Las bromas sobre el imperialismo yanqui, hechas con sutil ironía, y la profusa gesticulación de Styles, logran que el público ría a carcajadas. Este monólogo pareciera una escena sacada de la película "Tiempos Modernos" de Charles Chaplin, ya que el actor representa con humor y música el trabajo hecho en serie por los obreros sudafricanos.

Styles decide salir de ese trabajo en el que le debe una obediencia servil a su jefe blanco y persigue un viejo sueño: montar su tienda de fotografía.

Styles sostiene que sus clientes pueden vivir sus sueños, aunque sea por un breve instante, a través de las fotografías. Y uno de estos soñadores es Robert Zwelinzima, quien acude a tomarse una fotografía para enviársela a su mujer, quien vive en un pueblo pobre y distante.

Esa imagen congelada esconde la angustia de este segundo personaje, cuyo verdadero nombre es Sizwe Banzi. Este hombre tuvo que renunciar a su verdadero nombre y adoptar la identidad de un hombre muerto para encontrar trabajo.

Esta mascarada confronta a Banzi, quien no entiende por qué debe renunciar en forma irrevocable a su linaje, a su historia familiar, para conseguir un pase que le permita vivir y trabajar en la ciudad.

Entonces el espectador percibe que está frente a un drama matizado con bromas y situaciones graciosas.
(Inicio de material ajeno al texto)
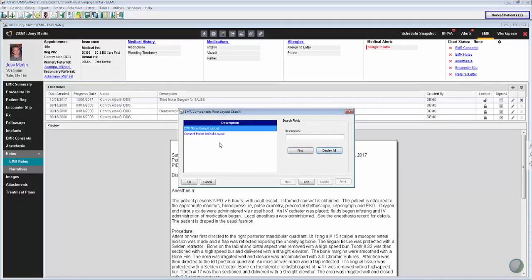So I hit Display All here. You'll notice there's an EMR Notes default layout and then a consent form layout just in case you want to print and send your consent forms.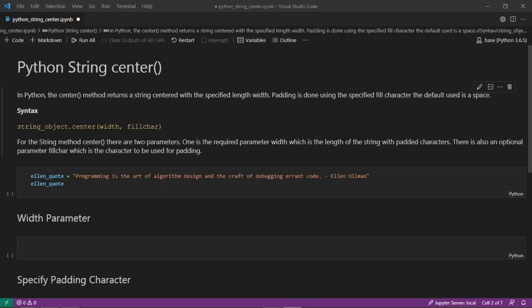Hello everyone, welcome to Neurosapiens. In today's tutorial we'll look at the Python string method center.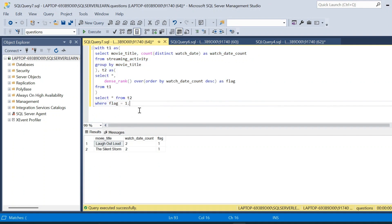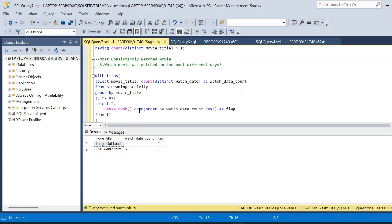That is the solution to all five questions on the streaming activity table. There are also different methods to solve the same questions. The DDL and DML to create the table will be available in the description. If you have interesting solutions, please comment — it will be helpful for others. Check out our channel for more advanced SQL interview questions. Thanks for watching and subscribe for more.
La degradación de la humanidad se exhibe ante sus ojos entre risas e ironías.

Banzi increpa al público: "qué le pasa al mundo buenas personas? ¿A quién le importa quién en este mundo? ¿Quién me quiere? ¿Qué hay de malo en mí?".

Y prosigue su letanía desesperado: "soy un hombre, tengo ojos para ver; tengo oídos para escuchar cuando la gente habla; tengo una cabeza para pensar buenas cosas. ¿Qué hay de malo conmigo? ¡Mírenme! Soy un hombre".

Sobre el escenario Sudáfrica no parece lejana en absoluto. Los anhelos, las angustias de otros hombres iguales a nosotros, son revelados a través de una actuación brillante, natural.

La pieza revela, con escenas a veces chistosas, a veces profundas y desgarradoras, el sentido último de la palabra sobrevivir.

La obra termina como una fotografía del estudio de Styles, y es en esa imagen congelada que se sumerge en la penumbra, en medio de cálidos aplausos, cuando la mente entiende que lo visto sobre el escenario es real. Sobre el escenario se ve reflejada la humanidad entera, con su belleza marcada por cicatrices y heridas inocultables.

La frase
"Los objetivos del teatro están en cambio constante. Hoy en día, para nosotros lo esencial es colocar un espejo delante de una realidad confusa, ya que los seres humanos a lo largo del planeta están en la búsqueda de un sentido de la vida siempre inalcanzable". Peter Brook.

La opinión
"La puesta en escena es una verdadera cátedra de actuación, en la que se puede observar cómo de una actuación que parece natural y cotidiana surge un teatro de una naturaleza especial, que nos toca y conmueve". Mabel Garza
Actriz y directora de teatro

El perfil
Peter Brook nació en Londres en 1925. Ha dirigido más de 70 producciones en Londres, París y Nueva York. Trabajó con la Compañía Real Shakespeare y en 1971 fundó el Centro para la Investigación Teatral en París. En 1974 abrió su base pemanente en el teatro Bouffes du Nord, en donde trabaja en forma permanente. Sus mayores éxitos son las escenificaciones de obras de Shakespeare y su experiencia con el Teatro de la Crueldad que culmina con la obra "Marat/Sade" (1964), y la puesta en escena de "El Mahabharata" (1987).